### Task prompt:
Reproduce each line of the material exactly, minus any picture.

╭─ Information shown

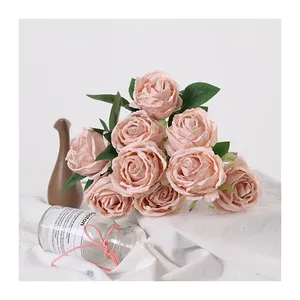 Bouquets de fleurs en soie de Rose de conception moderne, personnalisé de haute qualité, pas cher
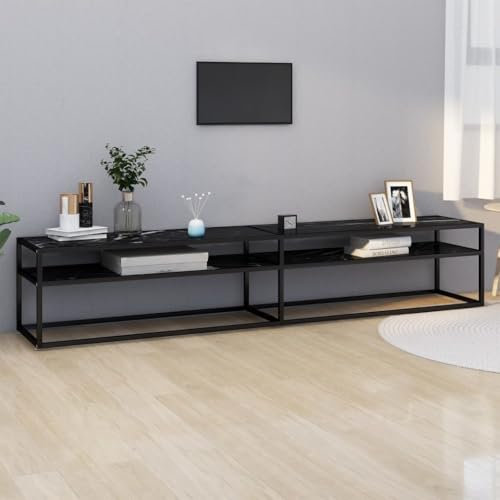 LXYZWRW Entertainment Centers & TV-Ständer, TV-Schrank, schwarzer Marmor, 220 x 40 x 40,5 cm, gehärtetes Glas
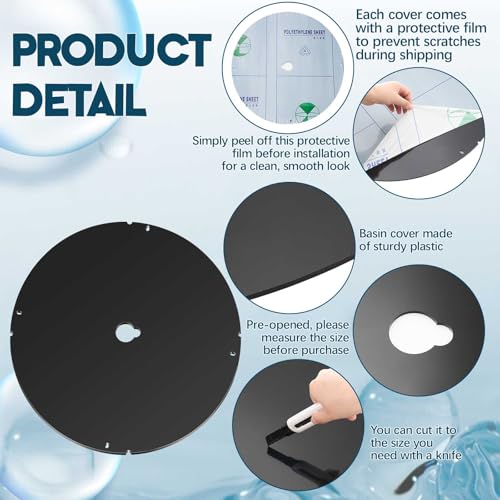 Image of 20.5 Inch Sump Pump Cover Plastic Submersible Sump Basic Cover Black Septic Tank Lid for Water Pump Basin Bucket Outdoor Well(Hole)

╰─

### Solution to this task:
 Bouquets de fleurs en soie de Rose de conception moderne, personnalisé de haute qualité, pas cher
 LXYZWRW Entertainment Centers & TV-Ständer, TV-Schrank, schwarzer Marmor, 220 x 40 x 40,5 cm, gehärtetes Glas
 Image of 20.5 Inch Sump Pump Cover Plastic Submersible Sump Basic Cover Black Septic Tank Lid for Water Pump Basin Bucket Outdoor Well(Hole)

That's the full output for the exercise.